As many Catholic dioceses across America step up their efforts to protect the unborn and defend traditional marriage and family, Pope Benedict XVI (left) is warning Catholic Church leaders to prepare for a protracted conflict against forces committed to a “radical secularism” which threatens not only the Christian faith, but the world as a whole.
Speaking to a group of U.S. bishops visiting the Vatican for spiritual renewal, the Pope said that the moral consensus that helped to define America and lead it over the last 200 years is being significantly eroded “in the face of powerful new cultural currents which are not only directly opposed to core moral teachings of the Judeo-Christian tradition, but increasingly hostile to Christianity as such.”
These cultural currents, he said, whether opposing the Christian faith in the name of “scientific rationality” or through the manipulation of political power, “represent a threat not just to Christian faith, but also to humanity itself and to the deepest truth about our being and ultimate vocation, our relationship to God.”
He advised the Catholic Church shepherds that when a society tries to suppress the mystery of the gospel and to close the door to its transcendent truths, that culture “inevitably becomes impoverished and falls prey, as the late Pope John Paul II so clearly saw, to reductionist and totalitarian readings of the human person and the nature of society.”
The Pope counseled that the Catholic Church has a “critical role” in standing firm against cultural currents that promote “extreme individualism” detached from the eternal truth of the faith. He said that the church’s defense of moral reasoning is based on a “natural law” that “enables us to understand ourselves and the truth of our being, and so to shape a more just and humane world.”
He emphasized the attempts by government “to limit that most cherished of American freedoms, the freedom of religion,” adding that many bishops had “pointed out that concerted efforts have been made to deny the right of conscientious objection on the part of Catholic individuals and institutions with regard to cooperation in intrinsically evil practices. Others have spoken to me of a worrying tendency to reduce religious freedom to mere freedom of worship without guarantees of respect for freedom of conscience.”
While not specifying the issues, the Pope was no doubt referring to the aggressive efforts to normalize homosexuality through legalizing same-sex marriage and the pressure coming from the Obama administration for Catholic institutions to cave in to his “contraception mandate.” Among those who have taken a high-profile stand against those efforts is New York Archbishop (and Cardinal-designate) Timothy Dolan. While in 2009 Dolan offered little more than lip service to efforts to protect marriage, as his own New York State fell to homosexual marriage in June of last year, the bishop has stepped up to lead the Catholic Church in defending traditional values.
In late 2011, under the leadership of Dolan, the U.S. Conference of Catholic Bishops (USCCB) launched an Ad Hoc Committee on Religious Liberty. Dolan followed up that effort a month later by banning same-sex marriage ceremonies at Catholic facilities in New York.

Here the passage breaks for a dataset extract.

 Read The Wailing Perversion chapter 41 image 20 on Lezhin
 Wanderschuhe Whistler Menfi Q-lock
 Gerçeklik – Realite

And in September the archbishop sent a letter to President Obama warning him that his administration would “precipitate a national conflict between church and state of enormous proportions” if it did not “end its campaign against DOMA [the Defense of Marriage Act], the institution of marriage it protects, and religious freedom.”
Most recently, as reported by The New American, Dolan took a public stand against efforts by the Obama administration to force religious institutions to include free birth control — including such medications as the RU-486 “abortion pill” — in their insurance coverage. Even as the White House announced that it would attempt to coerce Christian institutions to violate their convictions on this issue, the archbishop noted that the President had “drawn an unprecedented line in the sand” in challenge to people of faith, and declared that the Catholic Church’s leadership was “committed to working with our fellow Americans to reform the law and change this unjust regulation.”
In his comments to the U.S. bishops, the Pope emphasized the need for a committed and courageous laity that is prepared to take a bold stand against the secular agenda “which would de-legitimize the Church’s participation in public debate about the issues which are determining the future of American society.” He also encouraged the bishops to continue holding the feet of reluctant Catholic politicians and public leaders to the fire of their faith, helping them to “understand their personal responsibility to offer public witness to their faith, especially with regard to the great moral issues of our time: respect for God’s gift of life, the protection of human dignity, and the promotion of authentic human rights.”
While Archbishop Dolan did not travel to Rome with the U.S. bishops, he issued a statement thanking the Pope for speaking “eloquently and powerfully on the threats to the church’s moral witness in public life.”
Similarly, Bishop William Lori of Bridgeport, Connecticut, chairman of the USCCB’s Ad Hoc Committee on Religious Liberty (and also the Supreme Chaplain of the Knights of Columbus), said that the bishops were encouraged by the pope’s comments. “His words reflect the longstanding teaching of the Church,” said Lori, “… that all people have a right not to be coerced to violate their religious beliefs.”